3.2 Fluorescence spectral data
3.2.1 FLU spectral data preprocessing
To accurately characterize the spectral properties of rice, spectral data from rice of different origins were collected, and the characteristic spectral curve of rice was constructed based on the mean of these 100 data points. To improve data quality, denoising was performed, removing bands with significant noise such as 350–379 nm, and retaining the effective band from 433 nm to 800 nm, as shown in (Figure 4a). The intensity values of the F LU spectra were much greater than those of the MIR spectra. To eliminate the magnitude differences between the data, the FLU spectral data were normalized, as shown in (Figure 4b). Through MSC and SG preprocessing, data interference was significantly reduced, ensuring the accuracy of subsequent analysis. The results are shown in (Figures 4c, d).
Figure 4. Preprocessing plots of rice powder FLU spectra. (a) Raw FLU spectra of rice powder; (b) Normalized FLU spectra of rice powder; (c) Normalization-SG processed FLU spectra of rice powder; (d) Normalization-MSC processed FLU spectra of rice powder.
The main components of rice, such as starch and protein, exhibit different vibrational spectral characteristics due to differences in chemical composition, content, and structure. Significant fluorescence characteristic peaks were observed particularly in the wavelength intervals of 475–525 nm, 550–600 nm, and 650–690 nm. During analysis, it cannot be assumed that a FLU spectral peak originates from a single substance solely based on its position, as some peaks may result from mixtures of multiple substances.
3.2.2 FLU spectral analysis
Under a 405 nm excitation wavelength, the FLU spectra (450–850 nm) of rice powder displayed typical fluorescence characteristics (Figure 5). The strong fluorescence emission peak in the 460–490 nm range (maximum emission ~495 nm) is primarily attributed to phenolic compounds in rice. The FLU signal detected in the 660–690 nm range may originate from protein-pigment complexes or lipid oxidation products.
3.2.3 Feature band selection results
The modeling in this study is based on a total of 480 spectral samples covering 8 different origins. To address the high-dimensional data with up to 7,625 bands, the authors employed the Successive Projections Algorithm (SPA) for feature wavelength selection, with key parameters set as follows: minimum variables (MinVariable) = 200, maximum variables (MaxVariable) = 500, and cross-validation was used for evaluation.
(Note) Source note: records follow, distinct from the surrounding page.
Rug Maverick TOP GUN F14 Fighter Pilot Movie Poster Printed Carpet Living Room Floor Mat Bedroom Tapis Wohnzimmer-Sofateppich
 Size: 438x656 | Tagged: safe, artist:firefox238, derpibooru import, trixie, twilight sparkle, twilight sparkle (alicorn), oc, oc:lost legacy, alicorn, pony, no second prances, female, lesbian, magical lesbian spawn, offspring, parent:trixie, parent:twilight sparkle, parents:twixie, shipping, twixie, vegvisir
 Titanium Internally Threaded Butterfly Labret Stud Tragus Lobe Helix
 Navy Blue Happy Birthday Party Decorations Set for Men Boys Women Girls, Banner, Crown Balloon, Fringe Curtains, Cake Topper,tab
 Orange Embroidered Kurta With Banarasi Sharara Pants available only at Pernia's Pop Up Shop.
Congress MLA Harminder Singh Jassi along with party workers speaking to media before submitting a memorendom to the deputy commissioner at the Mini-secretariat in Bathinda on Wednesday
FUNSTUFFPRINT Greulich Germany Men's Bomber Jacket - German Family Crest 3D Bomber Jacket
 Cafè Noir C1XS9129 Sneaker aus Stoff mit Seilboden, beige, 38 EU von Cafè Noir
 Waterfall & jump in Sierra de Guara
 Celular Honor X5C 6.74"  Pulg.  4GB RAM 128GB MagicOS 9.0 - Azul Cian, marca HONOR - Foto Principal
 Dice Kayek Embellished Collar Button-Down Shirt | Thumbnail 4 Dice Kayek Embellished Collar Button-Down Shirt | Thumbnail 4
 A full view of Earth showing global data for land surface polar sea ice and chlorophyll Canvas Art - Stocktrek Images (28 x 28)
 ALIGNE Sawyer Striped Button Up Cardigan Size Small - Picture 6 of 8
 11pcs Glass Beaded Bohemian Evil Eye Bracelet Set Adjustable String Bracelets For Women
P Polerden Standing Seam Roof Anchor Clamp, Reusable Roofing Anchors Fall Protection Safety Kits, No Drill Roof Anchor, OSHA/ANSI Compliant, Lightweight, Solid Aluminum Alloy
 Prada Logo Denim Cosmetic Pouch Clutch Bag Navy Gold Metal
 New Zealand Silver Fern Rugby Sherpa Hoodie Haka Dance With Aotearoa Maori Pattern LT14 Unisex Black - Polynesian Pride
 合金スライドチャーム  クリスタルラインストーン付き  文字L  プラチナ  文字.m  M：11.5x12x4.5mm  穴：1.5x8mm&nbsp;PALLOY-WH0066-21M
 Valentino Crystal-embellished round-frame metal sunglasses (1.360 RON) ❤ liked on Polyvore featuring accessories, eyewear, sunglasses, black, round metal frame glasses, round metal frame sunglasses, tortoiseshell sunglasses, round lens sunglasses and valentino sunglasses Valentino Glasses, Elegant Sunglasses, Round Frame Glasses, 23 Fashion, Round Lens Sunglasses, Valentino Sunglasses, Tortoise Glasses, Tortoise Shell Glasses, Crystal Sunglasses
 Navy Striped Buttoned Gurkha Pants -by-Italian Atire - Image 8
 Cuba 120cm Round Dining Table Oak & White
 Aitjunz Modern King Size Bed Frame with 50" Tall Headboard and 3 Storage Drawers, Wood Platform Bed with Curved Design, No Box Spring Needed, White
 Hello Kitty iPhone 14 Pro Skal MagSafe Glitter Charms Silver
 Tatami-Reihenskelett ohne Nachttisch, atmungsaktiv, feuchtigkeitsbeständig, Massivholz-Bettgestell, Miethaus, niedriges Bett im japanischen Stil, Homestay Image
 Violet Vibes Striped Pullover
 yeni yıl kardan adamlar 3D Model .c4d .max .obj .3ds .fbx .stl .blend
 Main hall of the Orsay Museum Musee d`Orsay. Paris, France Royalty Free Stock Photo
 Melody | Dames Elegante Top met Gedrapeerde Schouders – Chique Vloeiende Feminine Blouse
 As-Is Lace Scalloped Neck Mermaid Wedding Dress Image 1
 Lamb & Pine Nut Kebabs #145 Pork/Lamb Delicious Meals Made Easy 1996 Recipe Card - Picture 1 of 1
Processing the spectral data through SPA error analysis and feature selection distribution yielded the following results: In data-level fusion, the Normalization-SG preprocessing method selected 286 features (Figure 6), and the Normalization-MSC method selected 290 features (Figure 7). In feature-level fusion, the Normalization-SG method selected a total of 310 features [168 FLU features (Figure 8a) and 142 MIR features (Figure 8b)], while the Normalization-MSC method selected 302 features [138 FLU features (Figure 9a) and 164 MIR features (Figure 9b)]. Compared to the original unprocessed spectra dimensionality of 7625 (None), this method achieved significant data dimensionality reduction. As shown in Table 3, this feature selection strategy not only effectively reduced data dimensionality but also significantly improved the model’s generalization performance, providing an optimized feature selection solution for both data-level and feature-level fusion.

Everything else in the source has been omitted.